This work addresses the high energy consumption of conventional Transformers in natural language processing, which limits their applicability in energy-constrained scenarios. The study proposes the first fully spiking neural network (SNN)-based Transformer decoder tailored for NLP tasks, introducing a trainable SNN decoder architecture, SNN-compatible normalization techniques, and multiple text-to-spike embedding strategies. The authors systematically evaluate the impact of module substitution, residual connections, and normalization on model performance. By extending SNN Transformers beyond vision-only applications or encoder-only designs, the proposed model maintains functional equivalence to its artificial neural network (ANN) counterpart while achieving a theoretical energy reduction of 87%–93% compared to standard ANN baselines.

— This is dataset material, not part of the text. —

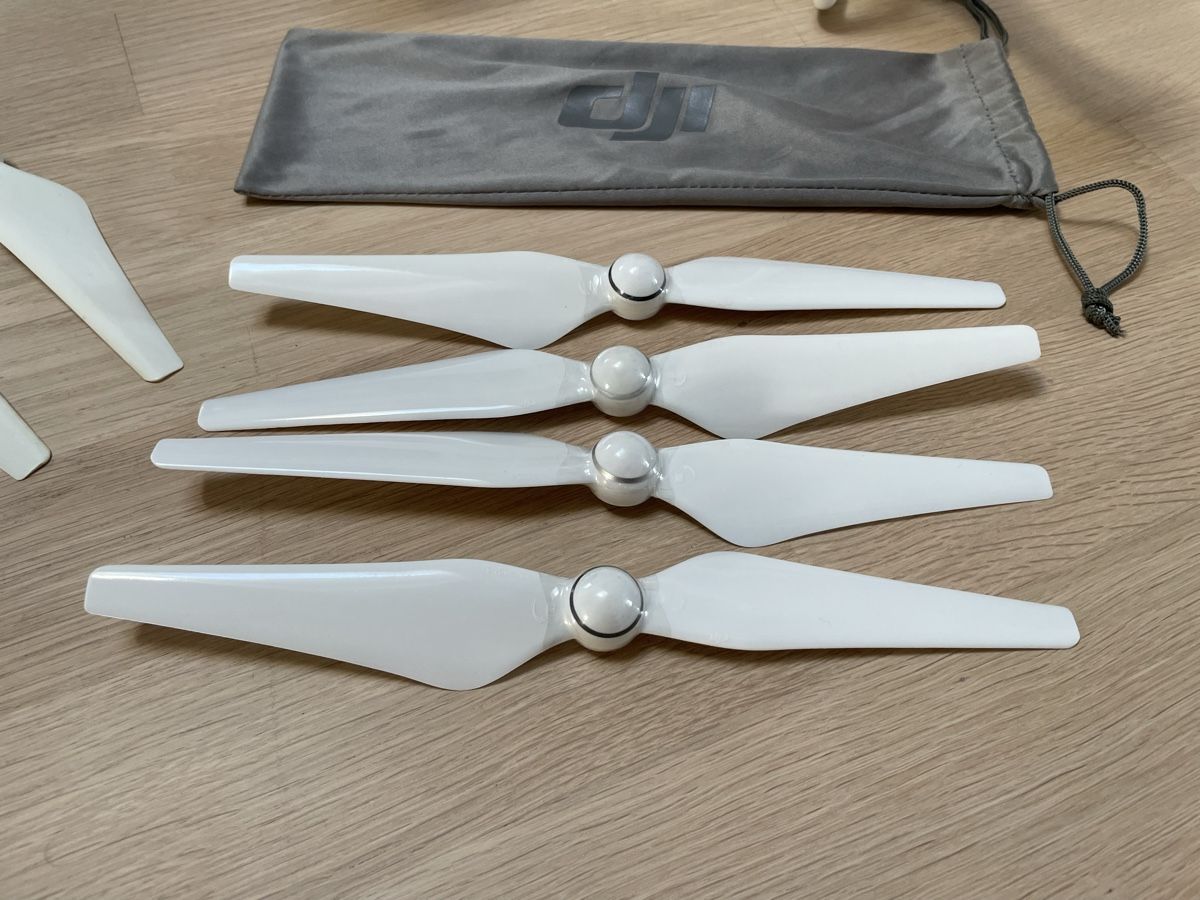 DJI RC Kits de montage: DJI Phantom 4 – D'occasion à Elgg par FrauNici 5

The Transformer architecture is widely regarded as the most powerful tool for natural language processing, but due to a high number of complex operations, it inherently faces the issue of high energy consumption. To address this issue, we consider Spiking Neural Networks (SNNs), which are an energy-efficient alternative to conventional Artificial Neural Networks (ANNs) due to their naturally event-driven approach to processing information. However, this inherently makes them difficult to train. Often, many SNN-based models circumvent this issue by converting pre-trained ANNs. More recently, attempts have been made to design directly trainable SNN-based adaptations of the Transformer model structure. Although the results showed great promise, the application field was computer vision. Moreover, the proposed model incorporates only encoder blocks. In this paper, we propose SpikeDecoder, a fully SNN-based implementation of the Transformer decoder block, for applications in natural language processing. In a series of experiments, we analyze the impact of exchanging different blocks of the ANN model with spike-based alternatives to identify trade-offs and significant sources of performance loss. We further investigate the role of residual connections and the selection of SNN-compatible normalization techniques. Besides the work on the model architecture, we formulate and compare different embedding methods to project text data into spikes. Finally, we demonstrate that our proposed SNN-based decoder block reduces the theoretical energy consumption by 87% to 93% compared to the ANN baseline.